Any pictures in the records below must be left out when you repeat the lines from the line containing "Desktop wallpaper. Nature. ID:29394" through the line containing "葡萄果皮顏色分類用標準光源箱" exactly.

··· PROVIDED DATA

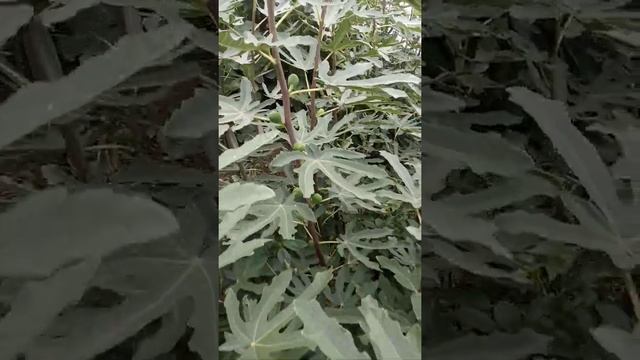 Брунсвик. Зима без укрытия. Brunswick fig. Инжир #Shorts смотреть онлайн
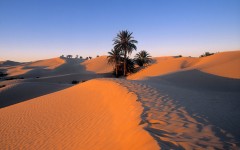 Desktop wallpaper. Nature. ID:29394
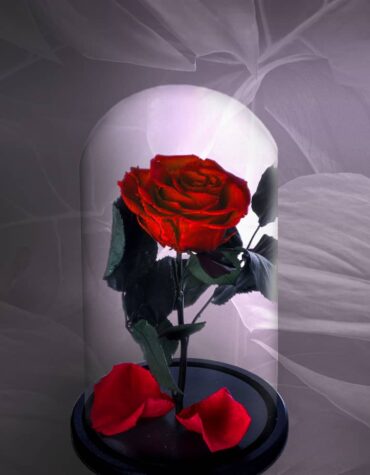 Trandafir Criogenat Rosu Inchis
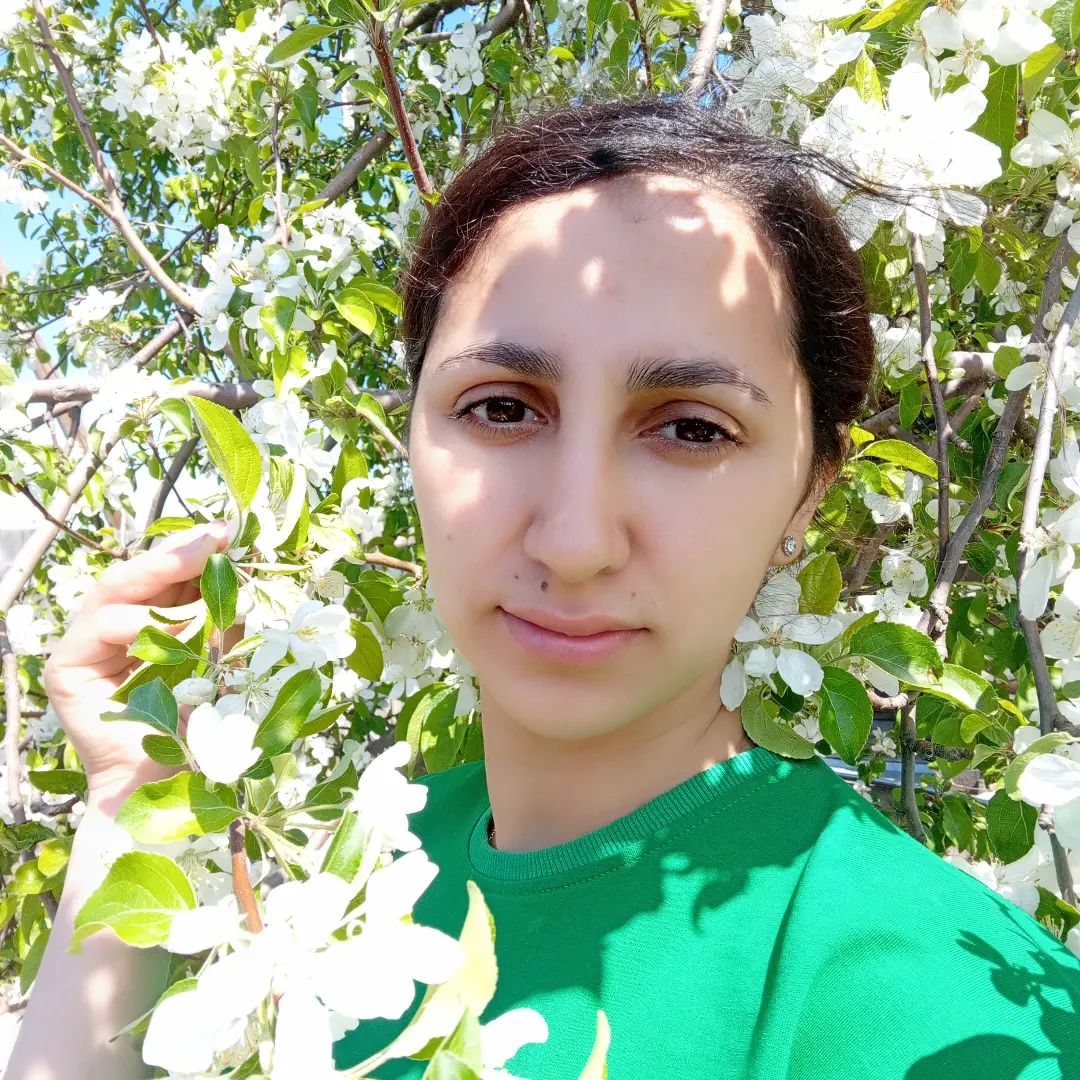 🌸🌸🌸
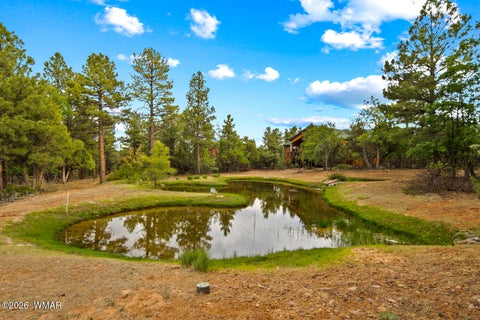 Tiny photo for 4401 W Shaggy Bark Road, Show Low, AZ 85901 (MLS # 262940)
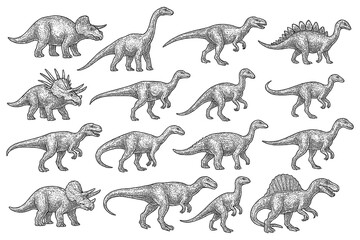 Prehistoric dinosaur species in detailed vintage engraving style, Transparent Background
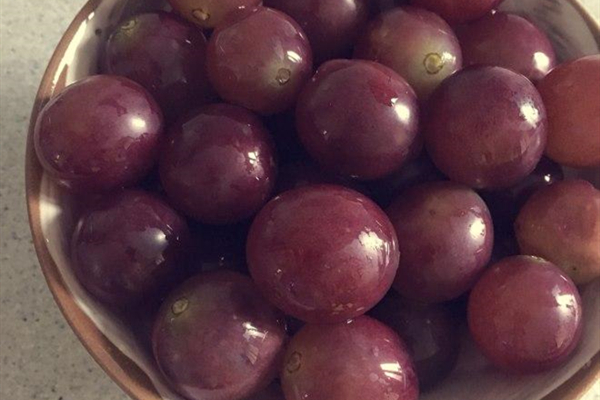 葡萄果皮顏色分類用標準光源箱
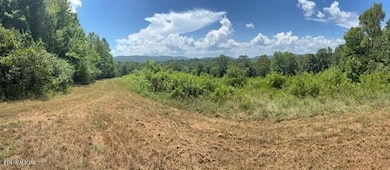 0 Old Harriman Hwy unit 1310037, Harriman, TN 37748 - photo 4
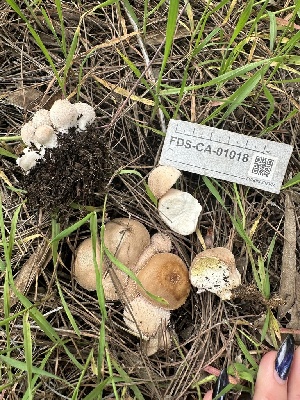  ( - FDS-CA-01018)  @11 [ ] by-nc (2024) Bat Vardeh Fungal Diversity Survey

······

§ **OUTPUT BELOW**
 Desktop wallpaper. Nature. ID:29394
 Trandafir Criogenat Rosu Inchis
 🌸🌸🌸
 Tiny photo for 4401 W Shaggy Bark Road, Show Low, AZ 85901 (MLS # 262940)
 Prehistoric dinosaur species in detailed vintage engraving style, Transparent Background
 葡萄果皮顏色分類用標準光源箱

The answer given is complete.